Crawled caption data
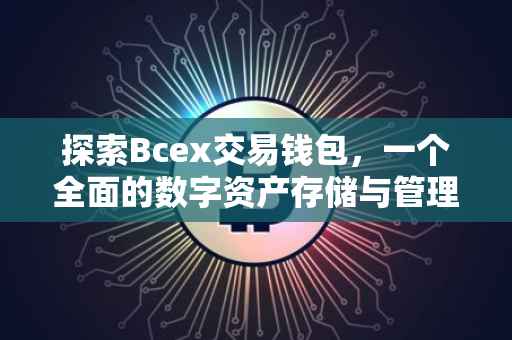 探索Bcex交易钱包，一个全面的数字资产存储与管理解决方案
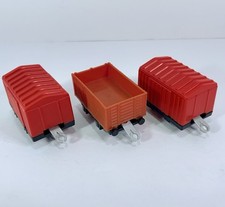 Thomas Friends Trackmaster Train Lot 3 Freight Box Cargo Car Red Orange 2013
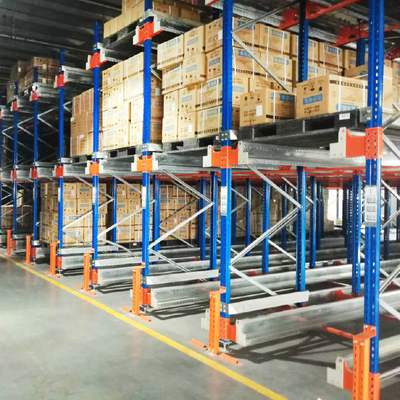 Radio Shuttle Rack Almacén Almacén Racking sistema de rack para transportadores de paletas Rack de transporte para almacenamiento en frío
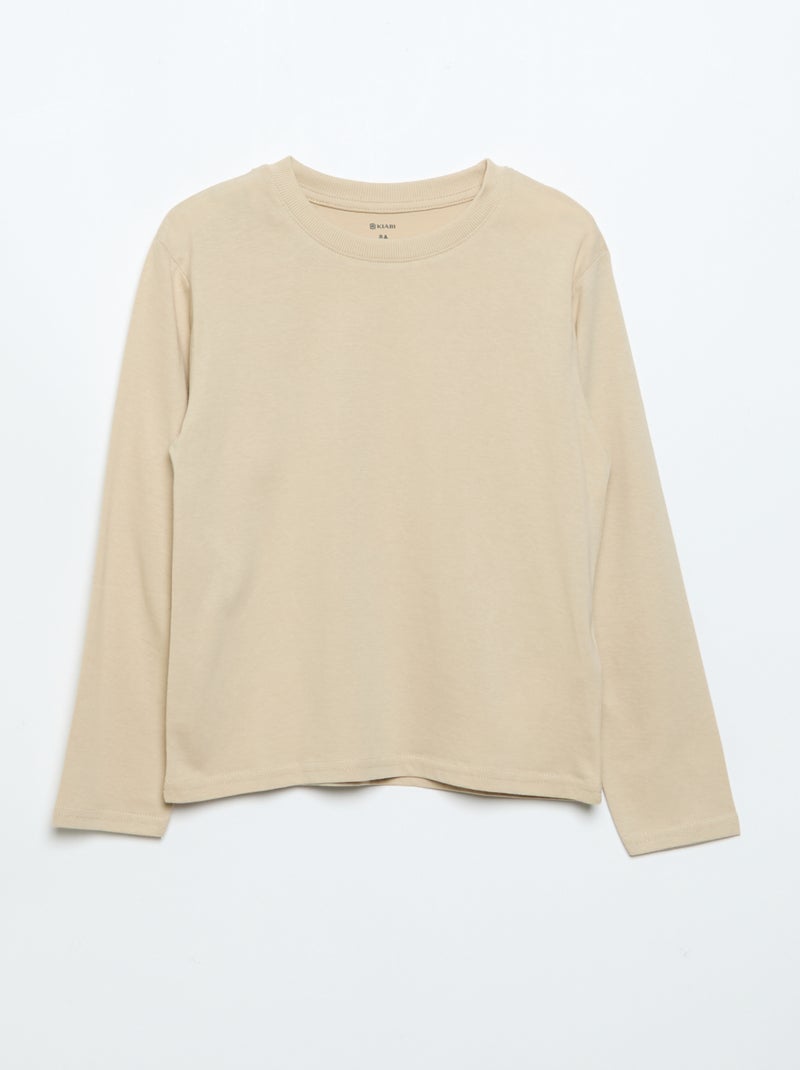 Pack de 3 camisetas lisas Beige - Kiabi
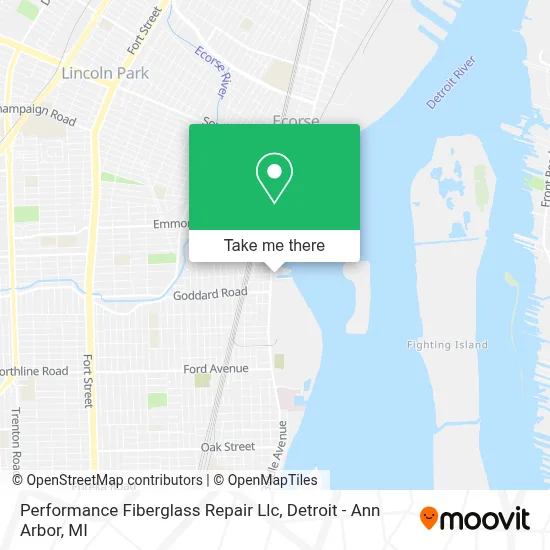 Performance Fiberglass Repair Llc map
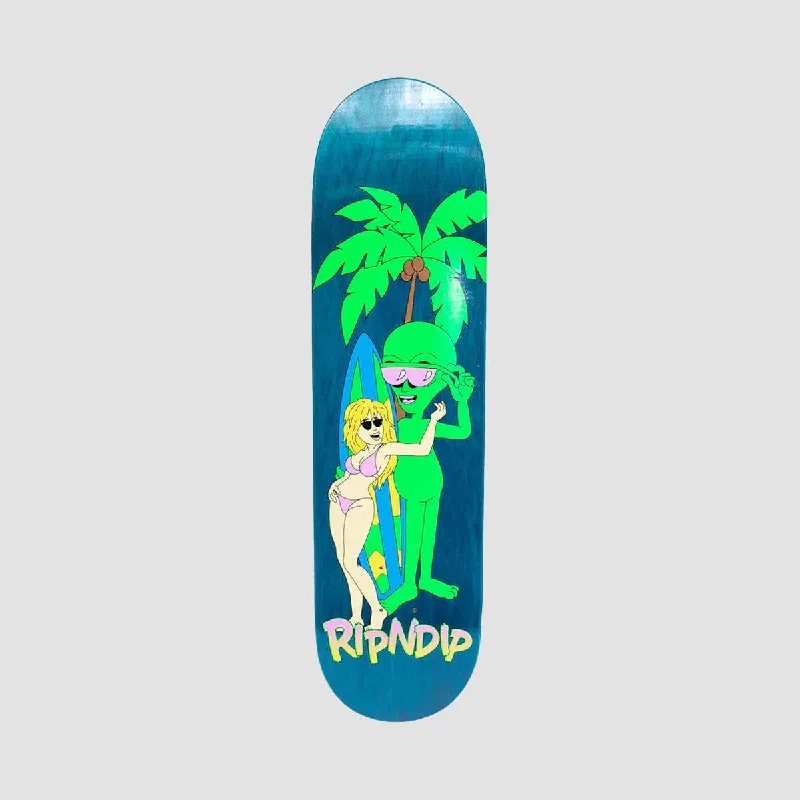 Skateboard Deck for Hardcore Skaters-RIPNDIP Beach Boys Skateboard Deck Aqua - 8.25"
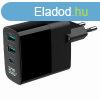 Gembird 3-Port 30W USB Fast Charger Black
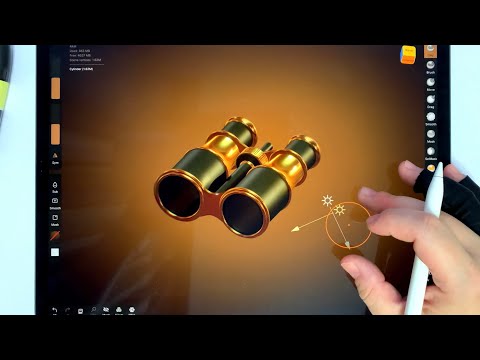 Vintage Binoculars in Nomad Sculpt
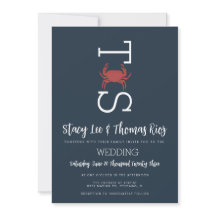 Casamento Tipografia Caranguejo Minimalista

> Assigned task
Word for word, copy all the entries above, but with no pictures.

> Task result
 探索Bcex交易钱包，一个全面的数字资产存储与管理解决方案
 Thomas Friends Trackmaster Train Lot 3 Freight Box Cargo Car Red Orange 2013
 Radio Shuttle Rack Almacén Almacén Racking sistema de rack para transportadores de paletas Rack de transporte para almacenamiento en frío
 Pack de 3 camisetas lisas Beige - Kiabi
 Performance Fiberglass Repair Llc map
 Skateboard Deck for Hardcore Skaters-RIPNDIP Beach Boys Skateboard Deck Aqua - 8.25"
 Gembird 3-Port 30W USB Fast Charger Black
 Vintage Binoculars in Nomad Sculpt
 Casamento Tipografia Caranguejo Minimalista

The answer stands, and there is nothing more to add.